A boot, an axe and an iPad

 

The visibility or 'vis' in the Great Slave Lake allowed to see only up to two metres ahead.


The visibility or ‘vis’ in the Great Slave Lake allowed to see only up to two metres ahead.

Yellowknife visit leads to a lake-bottom adventure

Kateryna Bandura
Lookout Editor

When Sub-Lieutenant (SLt) Marty Hagen visited Yellowknife, N.W.T., during a namesake city visit with HMCS Yellowknife’s ship’s company, he did not expect to embark on a side quest.

But, alas, on May 17, he found himself assisting Major (Maj) Jeremy MacDonald from the Joint Task Force (North) HQ in a post-mission dive search for a cell phone lost in Great Slave Lake.

“The dive was highly successful,” SLt Hagen said. “Professional Association of Diving Instructors (PADI) Dive Masters gain respect worldwide and Jeremy is testament to the reason they do.”

Maj MacDonald is a PADI Open Water SCUBA Instructor who works through word-of-mouth to recover lost items in the Great Slave Lake and surrounding areas. He accompanied HMCS Yellowknife’s crew through their namesake visit to Yellowknife.

When Lieutenant-Commander (LCdr) James Brun, Yellowknife’s Commanding Officer, learned that Maj MacDonald was heading to a post-workday dive, he passed along SLt Hagen’s willingness to help with some post-work bottom searching. SLt Hagen graduated from Ship’s Team Diver course 0022 on Dec. 5, 2022, and has already participated in a few dives with HMCS Vancouver and multiple rescue swimmer exercises on HMCS Yellowknife.

As SLt Hagen puts it, LCdr Brun did him a favour.

“So few people get to enjoy the aspects associated with underwater tourism, but to help a community and explore a lake bottom really made for a great day,” SLt Hagen said.

The search for the cell phone was challenging. SLt Hagen was a buddy diver in a bottom circle search, acting as the second pair of eyes as the team expanded in a circular pattern of a stick placed at the bottom of the lake to cover more ground. The reduced visibility was challenging – at its clearest, they could see only two meters ahead. Additionally, even in May, the Great Slave Lake temperature reaches only 8-10 degrees Celsius. A strong pre-dive brief and always having eyes on your diving buddy keeps everyone safe, SLt Hagen said.

“Be it civilian or military, the saying always remains true: ‘Plan your dive and dive your plan’,” he said. “In the event that we did lose visibility (which happened once), we knew exactly what to do: go up and follow the line back down to your buddy.
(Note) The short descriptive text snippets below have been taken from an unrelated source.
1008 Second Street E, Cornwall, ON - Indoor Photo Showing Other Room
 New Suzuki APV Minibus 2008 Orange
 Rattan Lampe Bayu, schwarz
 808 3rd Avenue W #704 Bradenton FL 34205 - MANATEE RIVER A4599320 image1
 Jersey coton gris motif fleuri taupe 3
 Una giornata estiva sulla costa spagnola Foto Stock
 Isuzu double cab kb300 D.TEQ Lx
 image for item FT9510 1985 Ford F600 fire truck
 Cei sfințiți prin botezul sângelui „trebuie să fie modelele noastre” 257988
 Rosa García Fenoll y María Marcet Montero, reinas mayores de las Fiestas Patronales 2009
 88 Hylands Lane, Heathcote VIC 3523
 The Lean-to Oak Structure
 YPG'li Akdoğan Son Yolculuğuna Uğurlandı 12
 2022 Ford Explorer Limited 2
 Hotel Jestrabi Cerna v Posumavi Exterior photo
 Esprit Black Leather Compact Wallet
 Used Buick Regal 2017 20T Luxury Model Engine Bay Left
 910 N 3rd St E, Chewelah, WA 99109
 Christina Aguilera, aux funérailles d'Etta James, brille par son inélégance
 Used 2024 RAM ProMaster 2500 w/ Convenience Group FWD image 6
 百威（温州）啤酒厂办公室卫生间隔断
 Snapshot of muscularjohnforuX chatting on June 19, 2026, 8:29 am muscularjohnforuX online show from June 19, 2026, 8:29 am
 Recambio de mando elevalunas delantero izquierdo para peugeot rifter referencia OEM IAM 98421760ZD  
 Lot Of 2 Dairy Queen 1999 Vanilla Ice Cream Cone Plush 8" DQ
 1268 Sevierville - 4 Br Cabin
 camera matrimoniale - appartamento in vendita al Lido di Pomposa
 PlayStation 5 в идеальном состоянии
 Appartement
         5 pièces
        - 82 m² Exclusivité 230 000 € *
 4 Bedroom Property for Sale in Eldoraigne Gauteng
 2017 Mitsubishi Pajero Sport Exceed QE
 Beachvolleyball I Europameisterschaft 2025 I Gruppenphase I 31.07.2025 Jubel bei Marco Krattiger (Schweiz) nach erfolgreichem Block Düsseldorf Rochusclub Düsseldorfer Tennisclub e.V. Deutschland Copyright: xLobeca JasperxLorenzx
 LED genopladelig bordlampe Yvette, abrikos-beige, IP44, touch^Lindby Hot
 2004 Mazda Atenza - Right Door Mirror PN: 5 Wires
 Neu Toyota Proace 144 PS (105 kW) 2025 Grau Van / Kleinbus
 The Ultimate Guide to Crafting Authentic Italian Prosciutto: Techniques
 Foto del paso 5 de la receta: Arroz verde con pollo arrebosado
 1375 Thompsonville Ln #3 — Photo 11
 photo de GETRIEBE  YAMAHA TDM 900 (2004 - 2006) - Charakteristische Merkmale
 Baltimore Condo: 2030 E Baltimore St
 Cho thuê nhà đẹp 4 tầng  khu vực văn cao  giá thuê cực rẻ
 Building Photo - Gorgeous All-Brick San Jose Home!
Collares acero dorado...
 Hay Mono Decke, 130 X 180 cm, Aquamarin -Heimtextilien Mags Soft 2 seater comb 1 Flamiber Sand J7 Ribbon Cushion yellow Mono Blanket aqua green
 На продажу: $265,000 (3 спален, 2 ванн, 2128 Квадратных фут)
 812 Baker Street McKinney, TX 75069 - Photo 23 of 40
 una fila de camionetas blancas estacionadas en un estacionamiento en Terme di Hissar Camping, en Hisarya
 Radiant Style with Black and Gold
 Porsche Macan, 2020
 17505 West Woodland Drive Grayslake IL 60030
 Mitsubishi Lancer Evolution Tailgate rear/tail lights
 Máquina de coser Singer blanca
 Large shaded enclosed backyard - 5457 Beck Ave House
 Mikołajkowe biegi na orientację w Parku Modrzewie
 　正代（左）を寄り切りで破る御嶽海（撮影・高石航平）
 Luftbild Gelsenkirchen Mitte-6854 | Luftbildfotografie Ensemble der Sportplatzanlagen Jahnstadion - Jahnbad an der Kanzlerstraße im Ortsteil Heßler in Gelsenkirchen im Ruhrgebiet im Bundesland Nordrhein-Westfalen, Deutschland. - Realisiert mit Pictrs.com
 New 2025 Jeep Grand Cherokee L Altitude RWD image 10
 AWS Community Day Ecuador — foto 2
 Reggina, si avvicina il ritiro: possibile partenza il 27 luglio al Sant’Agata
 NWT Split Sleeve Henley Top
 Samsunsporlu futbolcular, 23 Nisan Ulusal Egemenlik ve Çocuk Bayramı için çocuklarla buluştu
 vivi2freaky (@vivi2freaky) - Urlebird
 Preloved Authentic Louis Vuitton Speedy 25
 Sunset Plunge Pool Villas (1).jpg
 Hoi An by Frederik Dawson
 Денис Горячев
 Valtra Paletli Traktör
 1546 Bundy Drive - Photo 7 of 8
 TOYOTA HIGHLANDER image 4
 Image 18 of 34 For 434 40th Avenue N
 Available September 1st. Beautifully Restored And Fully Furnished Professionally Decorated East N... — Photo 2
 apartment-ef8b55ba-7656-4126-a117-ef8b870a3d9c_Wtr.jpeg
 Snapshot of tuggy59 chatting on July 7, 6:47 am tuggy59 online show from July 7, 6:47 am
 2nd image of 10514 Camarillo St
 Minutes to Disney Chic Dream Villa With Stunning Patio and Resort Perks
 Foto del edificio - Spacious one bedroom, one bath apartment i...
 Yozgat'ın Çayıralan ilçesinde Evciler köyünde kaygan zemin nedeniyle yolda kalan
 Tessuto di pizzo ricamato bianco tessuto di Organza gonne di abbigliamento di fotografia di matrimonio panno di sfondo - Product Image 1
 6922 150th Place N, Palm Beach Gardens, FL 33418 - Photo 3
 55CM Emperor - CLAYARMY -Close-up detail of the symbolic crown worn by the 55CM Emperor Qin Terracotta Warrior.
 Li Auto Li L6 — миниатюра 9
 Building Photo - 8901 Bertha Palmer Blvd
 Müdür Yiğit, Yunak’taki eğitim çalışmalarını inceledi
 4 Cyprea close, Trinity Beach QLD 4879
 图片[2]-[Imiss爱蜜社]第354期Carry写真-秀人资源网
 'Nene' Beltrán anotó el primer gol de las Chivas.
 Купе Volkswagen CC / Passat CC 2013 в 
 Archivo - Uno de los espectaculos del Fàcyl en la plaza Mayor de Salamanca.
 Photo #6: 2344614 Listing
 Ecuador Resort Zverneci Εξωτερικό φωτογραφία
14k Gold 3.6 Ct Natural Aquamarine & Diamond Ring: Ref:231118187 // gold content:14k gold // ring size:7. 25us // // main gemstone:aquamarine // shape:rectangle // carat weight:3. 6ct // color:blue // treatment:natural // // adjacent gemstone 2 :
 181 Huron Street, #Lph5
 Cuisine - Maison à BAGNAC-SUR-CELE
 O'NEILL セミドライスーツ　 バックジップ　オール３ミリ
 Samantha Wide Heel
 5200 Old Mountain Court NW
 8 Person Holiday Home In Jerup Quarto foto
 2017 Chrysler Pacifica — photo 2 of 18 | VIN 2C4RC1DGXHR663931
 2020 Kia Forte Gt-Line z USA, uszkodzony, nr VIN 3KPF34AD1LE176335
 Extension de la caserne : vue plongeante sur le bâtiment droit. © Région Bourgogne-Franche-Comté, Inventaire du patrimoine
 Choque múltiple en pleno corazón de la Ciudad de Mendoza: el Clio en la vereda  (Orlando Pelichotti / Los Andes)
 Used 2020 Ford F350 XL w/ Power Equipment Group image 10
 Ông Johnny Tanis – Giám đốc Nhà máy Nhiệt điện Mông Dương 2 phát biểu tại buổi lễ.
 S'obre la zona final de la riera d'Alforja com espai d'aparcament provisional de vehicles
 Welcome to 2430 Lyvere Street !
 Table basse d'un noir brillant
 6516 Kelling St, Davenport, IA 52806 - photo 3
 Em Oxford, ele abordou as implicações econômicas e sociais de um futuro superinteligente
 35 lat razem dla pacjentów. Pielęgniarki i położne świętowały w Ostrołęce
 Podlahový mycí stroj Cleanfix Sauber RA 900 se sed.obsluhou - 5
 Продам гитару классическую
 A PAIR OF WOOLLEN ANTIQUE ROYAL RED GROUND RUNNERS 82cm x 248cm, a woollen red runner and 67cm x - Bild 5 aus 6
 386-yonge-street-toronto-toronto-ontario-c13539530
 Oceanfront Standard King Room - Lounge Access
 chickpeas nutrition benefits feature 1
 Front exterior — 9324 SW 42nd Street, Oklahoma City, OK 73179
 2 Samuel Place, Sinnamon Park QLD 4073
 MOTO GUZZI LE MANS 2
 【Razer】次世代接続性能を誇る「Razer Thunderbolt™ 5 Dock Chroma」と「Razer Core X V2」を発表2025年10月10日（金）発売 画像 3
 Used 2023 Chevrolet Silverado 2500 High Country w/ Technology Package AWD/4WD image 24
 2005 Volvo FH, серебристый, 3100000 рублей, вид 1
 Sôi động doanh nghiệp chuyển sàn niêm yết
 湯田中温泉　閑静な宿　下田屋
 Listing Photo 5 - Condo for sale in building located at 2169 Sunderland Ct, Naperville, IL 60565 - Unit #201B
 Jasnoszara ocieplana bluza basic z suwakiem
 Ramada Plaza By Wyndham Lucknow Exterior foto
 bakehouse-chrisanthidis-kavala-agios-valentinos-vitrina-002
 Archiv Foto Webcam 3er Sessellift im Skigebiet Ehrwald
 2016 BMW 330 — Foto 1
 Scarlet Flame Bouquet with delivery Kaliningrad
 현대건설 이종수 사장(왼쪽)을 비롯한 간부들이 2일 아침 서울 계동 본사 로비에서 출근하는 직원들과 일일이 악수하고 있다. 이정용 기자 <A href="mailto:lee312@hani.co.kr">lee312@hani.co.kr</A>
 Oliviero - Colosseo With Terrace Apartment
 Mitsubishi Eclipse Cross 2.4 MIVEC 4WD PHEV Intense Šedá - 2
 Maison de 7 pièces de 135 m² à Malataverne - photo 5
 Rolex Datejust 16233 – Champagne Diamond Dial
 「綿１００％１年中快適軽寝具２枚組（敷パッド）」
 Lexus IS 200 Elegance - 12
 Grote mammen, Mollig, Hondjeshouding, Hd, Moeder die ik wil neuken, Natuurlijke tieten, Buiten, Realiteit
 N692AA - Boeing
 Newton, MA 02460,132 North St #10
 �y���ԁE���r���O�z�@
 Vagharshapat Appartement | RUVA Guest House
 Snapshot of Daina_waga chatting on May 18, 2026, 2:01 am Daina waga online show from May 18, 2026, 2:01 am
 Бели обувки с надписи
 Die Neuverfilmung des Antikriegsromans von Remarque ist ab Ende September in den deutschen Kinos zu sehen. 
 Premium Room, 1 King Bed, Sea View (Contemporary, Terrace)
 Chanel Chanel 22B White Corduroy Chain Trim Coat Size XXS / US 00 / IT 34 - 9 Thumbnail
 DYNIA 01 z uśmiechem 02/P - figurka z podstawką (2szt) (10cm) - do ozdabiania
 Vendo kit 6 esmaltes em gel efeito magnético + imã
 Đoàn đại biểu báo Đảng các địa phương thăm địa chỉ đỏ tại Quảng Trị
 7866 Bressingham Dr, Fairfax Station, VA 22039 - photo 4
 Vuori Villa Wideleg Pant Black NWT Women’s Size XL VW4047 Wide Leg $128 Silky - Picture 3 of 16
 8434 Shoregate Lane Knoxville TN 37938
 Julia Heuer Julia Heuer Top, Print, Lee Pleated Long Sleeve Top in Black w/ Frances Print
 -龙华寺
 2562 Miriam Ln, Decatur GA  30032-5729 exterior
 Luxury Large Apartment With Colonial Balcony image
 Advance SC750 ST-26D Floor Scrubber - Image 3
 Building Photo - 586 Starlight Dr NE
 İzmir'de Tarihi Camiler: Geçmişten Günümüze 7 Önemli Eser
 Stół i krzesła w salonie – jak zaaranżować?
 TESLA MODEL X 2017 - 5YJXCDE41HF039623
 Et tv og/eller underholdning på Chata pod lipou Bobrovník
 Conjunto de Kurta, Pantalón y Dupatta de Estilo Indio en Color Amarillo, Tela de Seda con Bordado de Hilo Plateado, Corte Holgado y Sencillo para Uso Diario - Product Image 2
A strong dive brief eliminates confusion and saves lives.”

Although the initial purpose of the dive was to search for a cell phone, it quickly escalated to retrieval of a pack with iPads and IDs after Maj MacDonald learned of a capsized canoe nearby.

A boot of a Yellowknife citizen SLt Hagen found at the bottom of the Great Slave Lake.

A boot of a Yellowknife citizen SLt Hagen found at the bottom of the Great Slave Lake.

“We maxed out our airtime after two hours of searching and could not retrieve the pack, but with our understanding of the currents, we found it shortly at a nearby shoreline,” he said.

Additionally, the team found a lone boot, which the distressed citizen happily claimed as theirs; they shortly found the second boot. Among other unexpected finds were a trolley that one of Maj MacDonald’s coworkers lost to the lake and a brand-new axe claimed by a married couple living on the boats.

But retrieving lost objects was just one half of SLt Hagen’s side quest, as Maj MacDonald invited him to help train some of his clients, including an RCMP officer and a Military Police member, at Ruth Inch Memorial Pool. The clients were getting PADI Open Water Diver training, and another was training for his PADI Rescue Diver qualification.

“It was great to see that Jeremy had created a thriving dive community in Yellowknife and had amazing relations with the pool staff and his coworkers,” SLt Hagen said. “It’s always a fun day when you can train more divers.”